-------- Information supplied --------
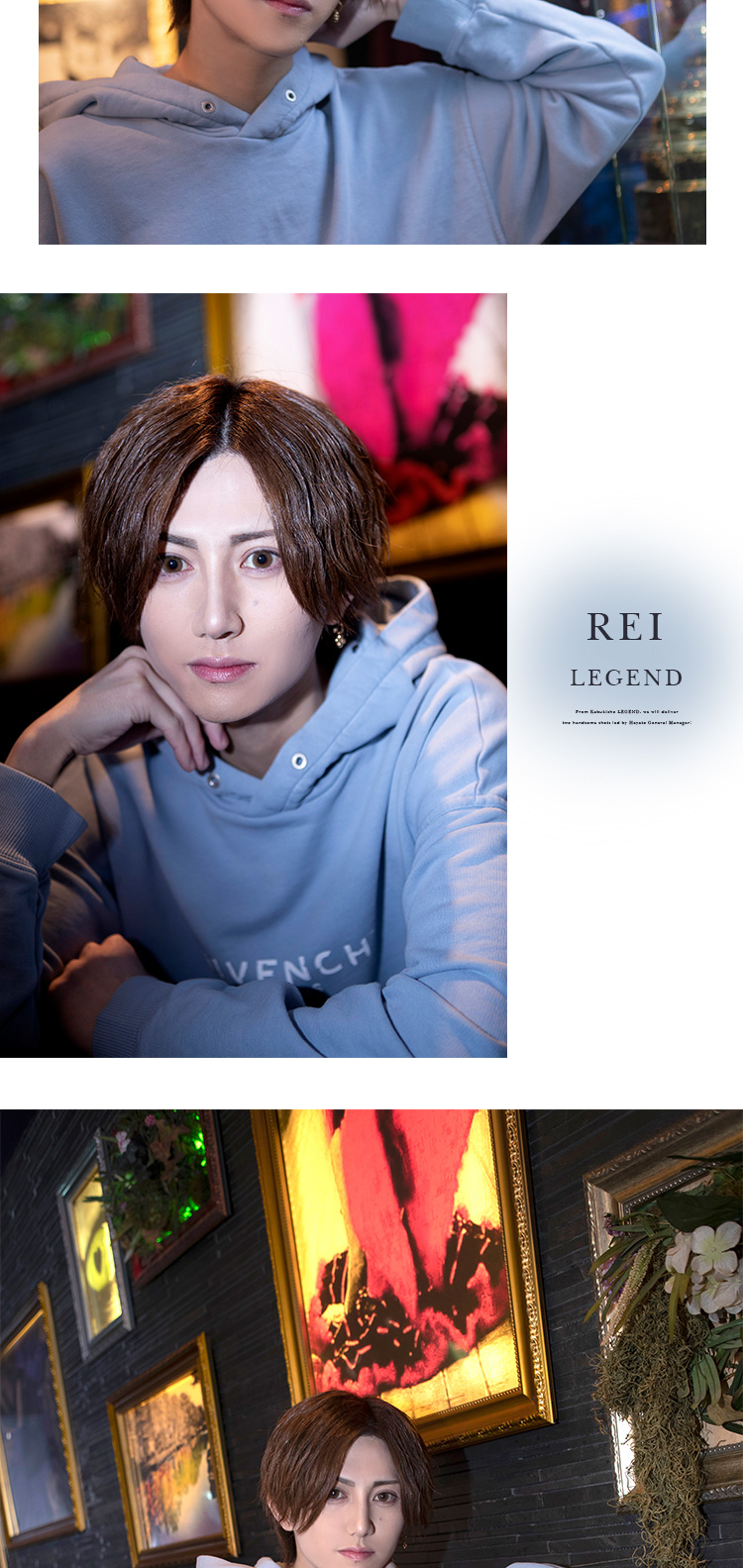 LEGENDからスター2が登場!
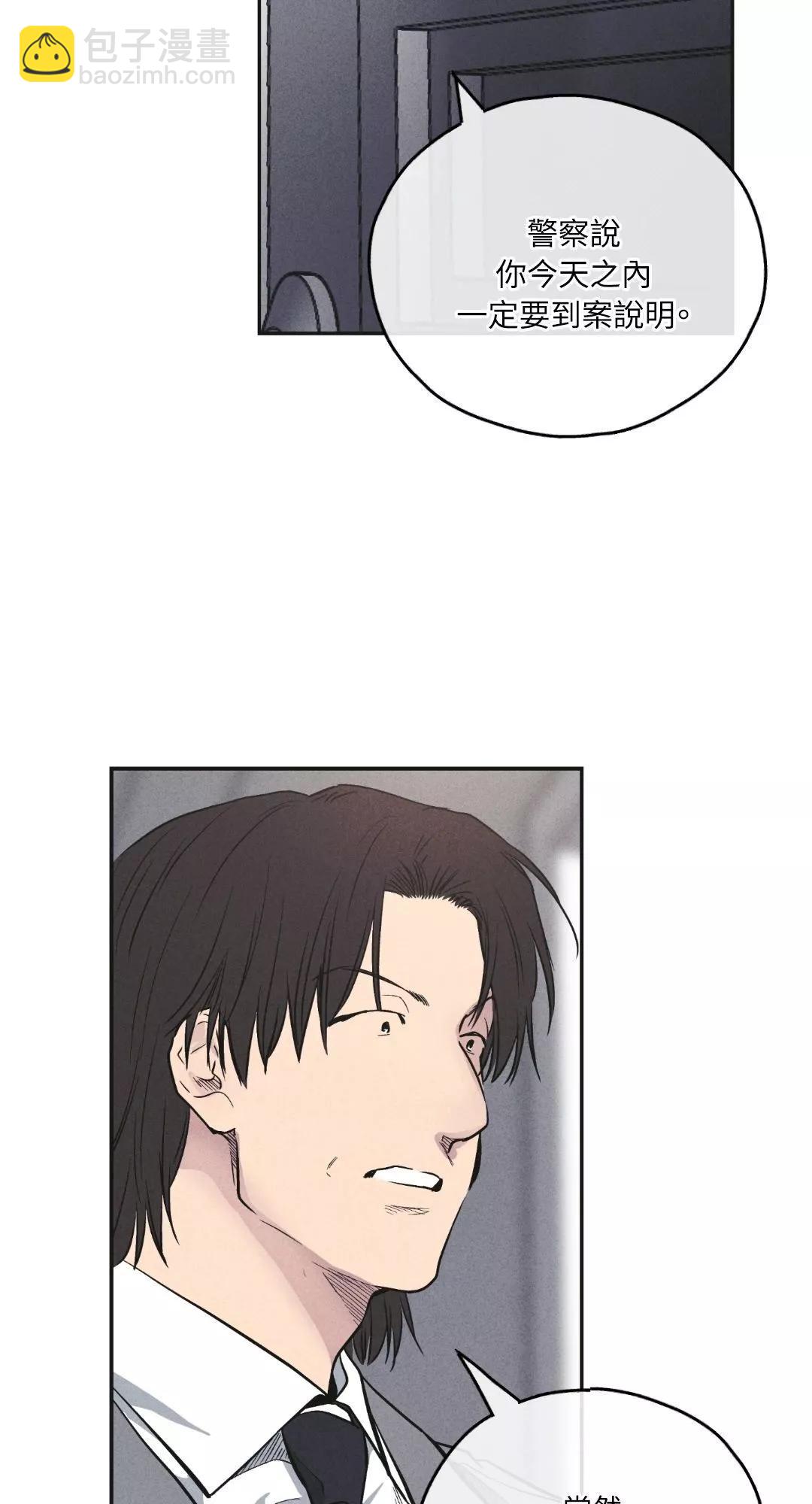 第57话5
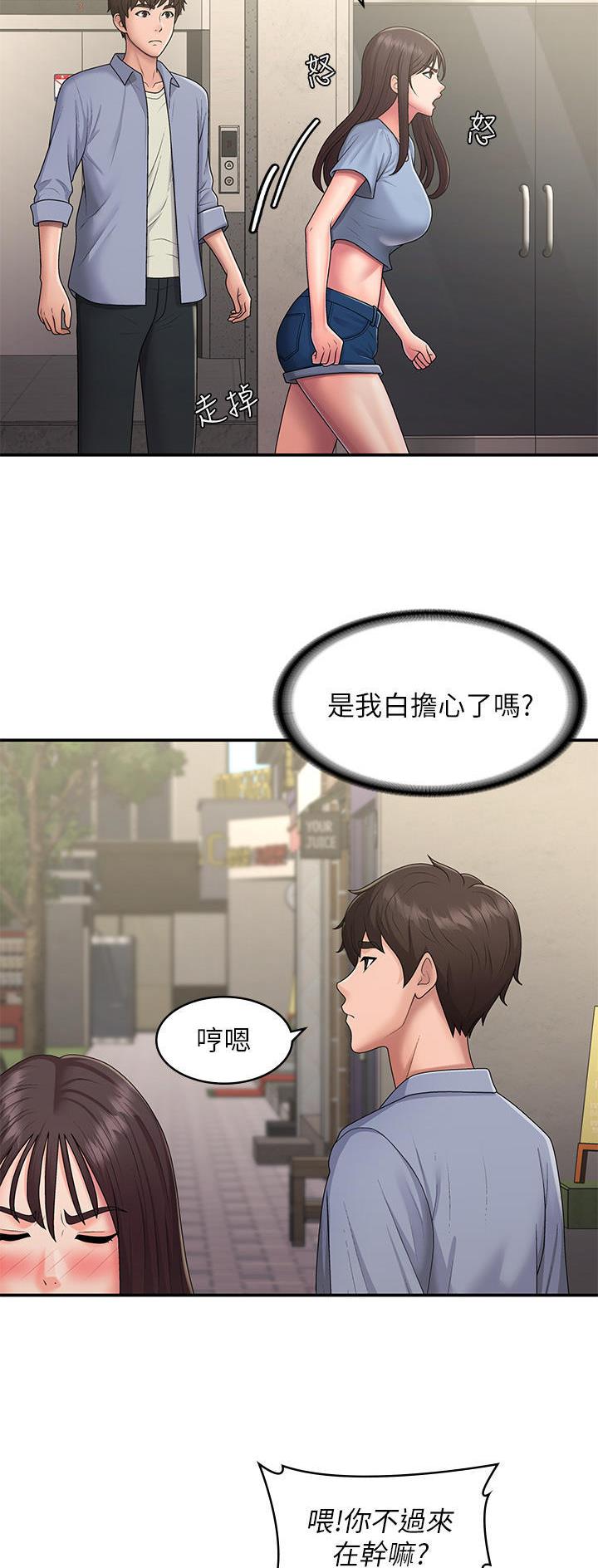 青春期漫画,第71话2图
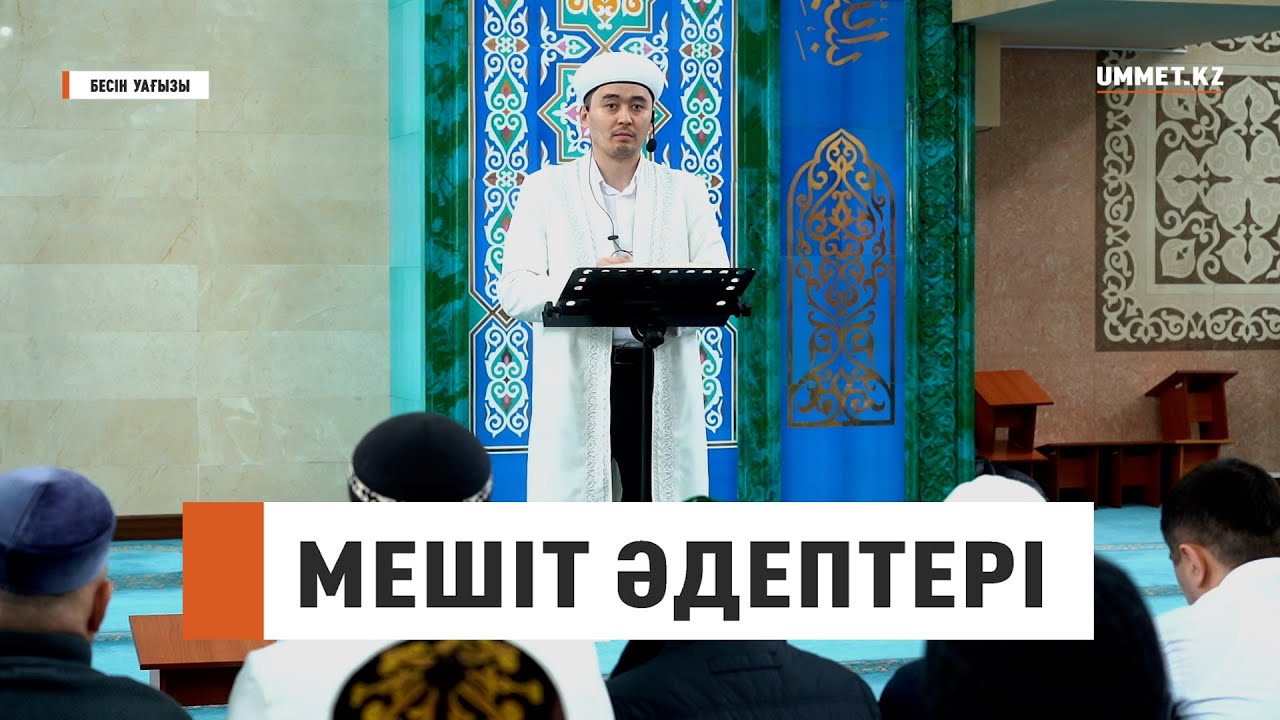 Мешіт әдептері / Ұстаз Мұрат Рысбай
--------
## Directions for this task
All the lines above need to be repeated exactly, with no pictures carried over.

## Response to this task
 LEGENDからスター2が登場!
 第57话5
 青春期漫画,第71话2图
 Мешіт әдептері / Ұстаз Мұрат Рысбай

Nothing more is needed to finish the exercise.